Transcription Violence numérique avancée et « smart abuse »
L'« Internet des objets » (IoT) et la maison hantée
L'évolution technologique a donné naissance à une forme d'agression connue sous le nom de « Smart Abuse » (abus intelligent), dans laquelle les agresseurs utilisent la domotique et les appareils connectés à l'« Internet des objets » (IoT) pour terroriser leurs victimes à distance.
Cette violence transforme le refuge que représente le domicile en un piège technologique.

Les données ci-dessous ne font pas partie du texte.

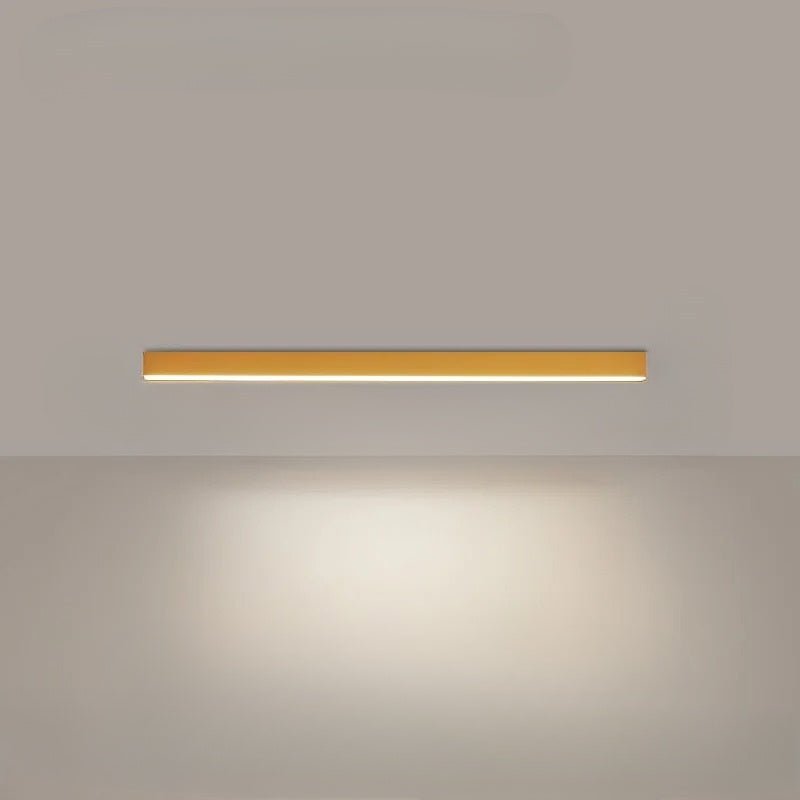 LED Attic Lamp – Aluminum, Simple Nordic Design for Living Room, Kitchen, or Office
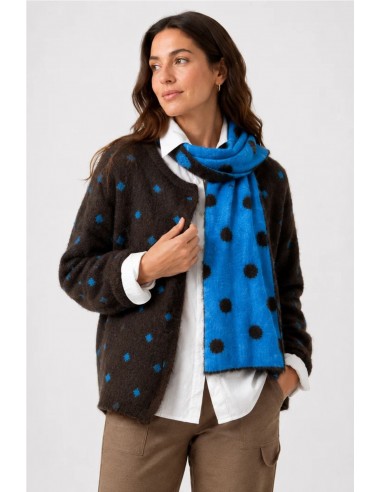 CHAQUETA PUNTO LUNAR   POUPPE CHIC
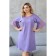 Women's dress, size 52, purple color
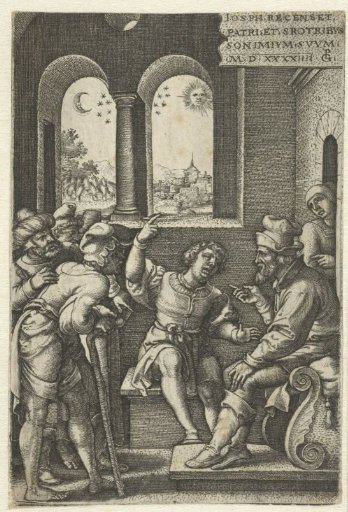 Joseph Tells His Dreams to Jacob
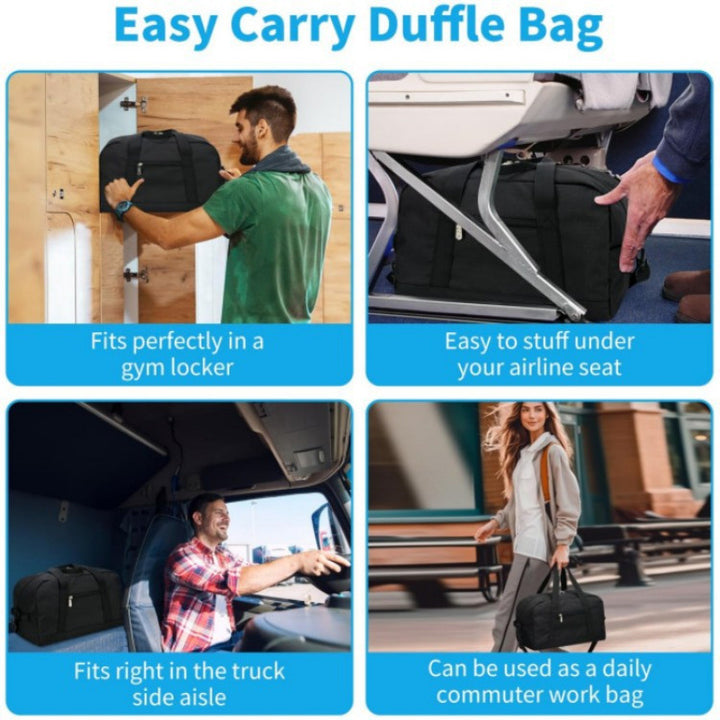 Durable Gym Equipment Duffel Bag Kalsten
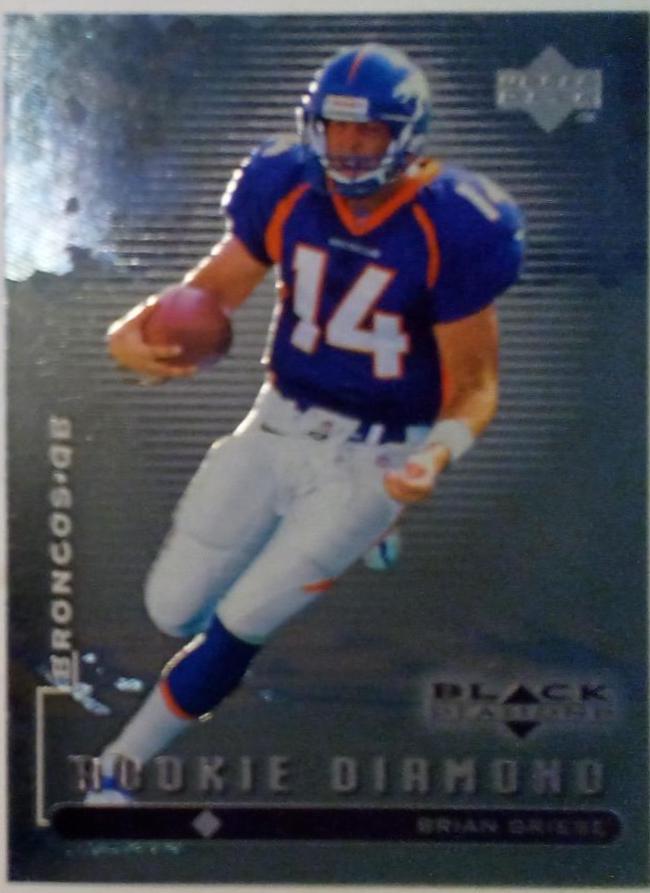 Brian Griese #104 Baseball Cards 1998 Upper Deck Black Diamond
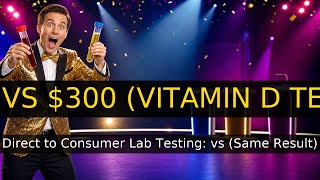 Direct to Consumer Lab Testing: $29 vs $300 (Same Result)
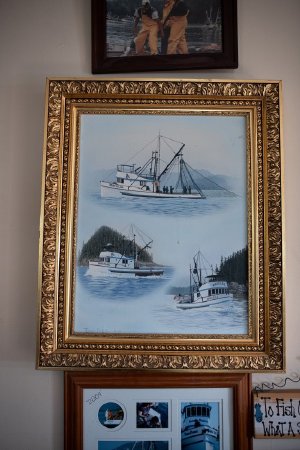 Painting of the <i>F/V Theresa</i>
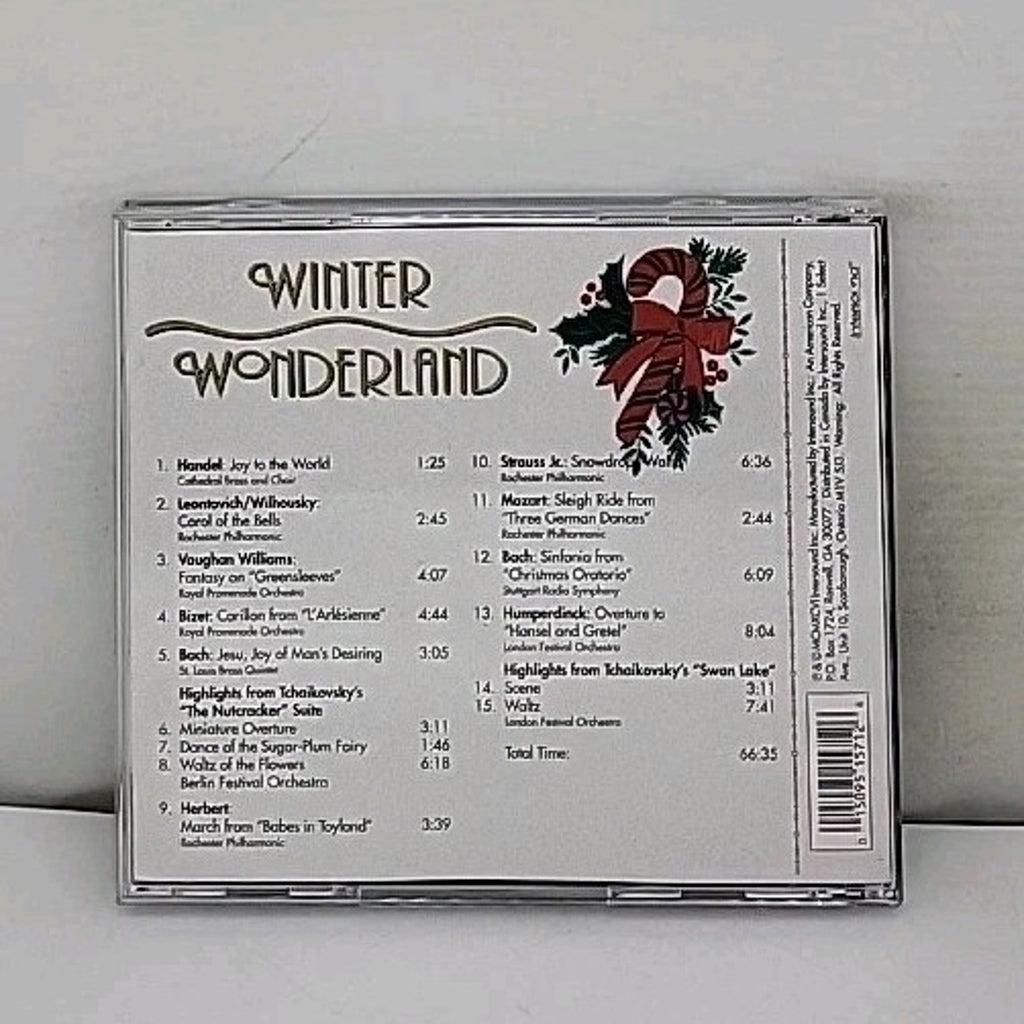 Winter Wonderland Favorite Carols for Orchestra - Music CD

En gardant le contrôle des applications de gestion domestique, les agresseurs peuvent augmenter le chauffage à des températures insupportables, faire clignoter les lumières intelligentes de manière erratique, déclencher des alarmes de sécurité au milieu de la nuit ou verrouiller et déverrouiller des serrures intelligentes sans être physiquement présents.
Ils peuvent également utiliser les assistants vocaux ou les caméras de sécurité pour parler soudainement à la victime ou la surveiller, démontrant ainsi une omniprésence terrifiante.
Ces actions ont un double effet néfaste : d'une part, elles provoquent une privation de sommeil et un stress physiologique ; d'autre part, elles fonctionnent comme une technique de manipulation psychologique technologique.
Comme ces événements se produisent à l'intérieur de la maison et sans témoins, ils sont souvent considérés par la police ou l'entourage comme des « défaillances techniques » ou de la paranoïa de la victime, alors qu'il s'agit en réalité d'actes délibérés visant à déstabiliser mentalement la victime.
La maison intelligente se transforme ainsi en une « maison hantée » contrôlée à distance par l'agresseur, étendant son emprise au-delà de la séparation physique.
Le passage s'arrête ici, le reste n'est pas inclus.